In essence, the Supreme Court rolled their eyes on barely disguised attempt to claim 101 exceptions with “apply it” by reciting (1) conventional steps such as having a computer storing an algorithm into the CPU in order to calculate the results using the algorithm (any computer that needs to do calculation using the algorithm must necessarily store the algorithm into its RAM in order to apply the algorithm) or (2) insignificant pre/post salutation steps such as gathering particular variables for an algorithm or attach the calculated results onto an email and transmit it over the network to a recipient. Flook, 437 US at 590 (“The notion that post-solution activity, no matter how conventional or obvious in itself, can transform an unpatentable principle into a patentable process exalts form over substance”; note that this statement simply refutes the blanket argument that applying a 101 exception in any manner, no matter how conventional or obvious, is enough for patent eligibility. This does not per se exclude patent eligibility for application of 101 exception using well known and obvious steps).
But, applying an algorithm or a math formula with a new combination of well known and commonly used steps may be patentable. In fact, even an application of a law of nature or mathematical formula to a known process may well be deserving of patent protection. Diehr, 450 US at 187-88.

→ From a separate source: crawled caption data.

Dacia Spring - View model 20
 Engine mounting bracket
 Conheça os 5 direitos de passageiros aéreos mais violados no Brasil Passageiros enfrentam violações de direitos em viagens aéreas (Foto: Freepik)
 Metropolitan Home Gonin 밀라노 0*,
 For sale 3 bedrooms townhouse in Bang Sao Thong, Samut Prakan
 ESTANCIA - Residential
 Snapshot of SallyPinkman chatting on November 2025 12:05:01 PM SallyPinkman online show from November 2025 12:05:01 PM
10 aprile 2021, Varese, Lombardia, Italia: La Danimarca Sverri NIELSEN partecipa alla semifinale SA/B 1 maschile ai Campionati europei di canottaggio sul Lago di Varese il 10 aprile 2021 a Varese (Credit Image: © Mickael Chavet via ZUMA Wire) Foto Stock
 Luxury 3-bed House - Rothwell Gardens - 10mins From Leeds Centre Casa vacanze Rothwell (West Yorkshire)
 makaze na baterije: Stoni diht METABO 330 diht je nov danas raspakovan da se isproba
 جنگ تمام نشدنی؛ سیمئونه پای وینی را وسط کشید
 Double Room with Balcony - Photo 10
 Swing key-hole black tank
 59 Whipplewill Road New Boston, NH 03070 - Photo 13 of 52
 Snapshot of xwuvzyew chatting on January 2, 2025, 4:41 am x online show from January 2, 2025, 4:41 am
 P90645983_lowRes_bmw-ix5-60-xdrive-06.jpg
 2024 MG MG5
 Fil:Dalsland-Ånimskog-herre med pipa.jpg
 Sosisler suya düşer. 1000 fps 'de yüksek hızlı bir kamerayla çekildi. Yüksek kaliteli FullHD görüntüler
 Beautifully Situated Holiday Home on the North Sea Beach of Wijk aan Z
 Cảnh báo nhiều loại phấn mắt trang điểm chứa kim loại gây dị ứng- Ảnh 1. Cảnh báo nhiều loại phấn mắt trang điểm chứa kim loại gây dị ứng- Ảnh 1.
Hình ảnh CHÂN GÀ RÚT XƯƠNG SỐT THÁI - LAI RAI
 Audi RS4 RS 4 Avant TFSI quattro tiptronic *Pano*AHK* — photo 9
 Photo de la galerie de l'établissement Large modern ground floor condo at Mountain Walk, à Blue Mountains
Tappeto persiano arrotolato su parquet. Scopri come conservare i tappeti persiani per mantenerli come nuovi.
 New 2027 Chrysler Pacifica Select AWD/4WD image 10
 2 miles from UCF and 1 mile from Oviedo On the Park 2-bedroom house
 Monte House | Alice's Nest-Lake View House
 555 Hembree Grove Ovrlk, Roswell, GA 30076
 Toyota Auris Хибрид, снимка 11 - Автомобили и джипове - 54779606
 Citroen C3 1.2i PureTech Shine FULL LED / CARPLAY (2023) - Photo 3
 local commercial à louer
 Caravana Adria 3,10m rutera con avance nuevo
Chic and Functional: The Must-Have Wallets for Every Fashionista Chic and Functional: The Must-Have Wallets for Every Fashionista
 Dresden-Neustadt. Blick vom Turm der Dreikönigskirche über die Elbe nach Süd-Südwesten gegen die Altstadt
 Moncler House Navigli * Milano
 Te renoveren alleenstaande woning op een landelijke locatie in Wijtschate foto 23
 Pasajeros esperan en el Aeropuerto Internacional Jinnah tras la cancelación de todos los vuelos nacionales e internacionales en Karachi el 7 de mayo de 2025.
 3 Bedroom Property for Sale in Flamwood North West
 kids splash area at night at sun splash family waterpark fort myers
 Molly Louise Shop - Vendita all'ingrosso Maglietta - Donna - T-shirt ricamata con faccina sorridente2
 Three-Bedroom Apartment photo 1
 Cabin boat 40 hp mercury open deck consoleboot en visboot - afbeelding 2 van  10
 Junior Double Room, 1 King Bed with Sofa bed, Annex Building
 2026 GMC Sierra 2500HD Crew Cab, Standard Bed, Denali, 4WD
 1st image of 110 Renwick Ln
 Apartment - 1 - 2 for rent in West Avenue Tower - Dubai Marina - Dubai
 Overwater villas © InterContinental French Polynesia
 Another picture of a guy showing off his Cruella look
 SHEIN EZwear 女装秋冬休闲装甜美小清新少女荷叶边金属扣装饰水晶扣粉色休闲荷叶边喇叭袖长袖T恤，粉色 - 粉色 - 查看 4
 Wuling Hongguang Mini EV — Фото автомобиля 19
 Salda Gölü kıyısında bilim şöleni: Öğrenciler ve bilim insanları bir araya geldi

For example, the individual component steps of (1) installing rubber in a press, (2) closing the mold, (3) constantly determining the temperature of the mold, (4) constantly recalculating the appropriate cure time through the use of the Arrhenius equation, and (5) automatically opening the press at the proper time may be individually known.
However, the combination of these steps, when used to apply the Arrhenius equation on a computer, results in a more efficient solution of an industrial problem by lessening the possibility of “overcuring” and “undercuring” is not bared at the threshold by 101. Diehr, 450 US 187-88. Even if the combination of (1)-(5) are well known in the industry, they are still not barred at the threshold by 101 when a computer could apply the Arrhenius equation with steps (1)-(5) to lessen the problem of overcuring and undercuring.
In sum, even if decided today under Alice Two Steps, Diehr would still be patent eligible because its process applies the Arrhenius equation using steps that are not purely conventional or purely obvious; i.e., the combination of steps applying the equation is not something that is routine and long practiced in the art.
Richard,
The point I’m making is more 103 than 101. The equation is used to calculate the rate of chemical reaction.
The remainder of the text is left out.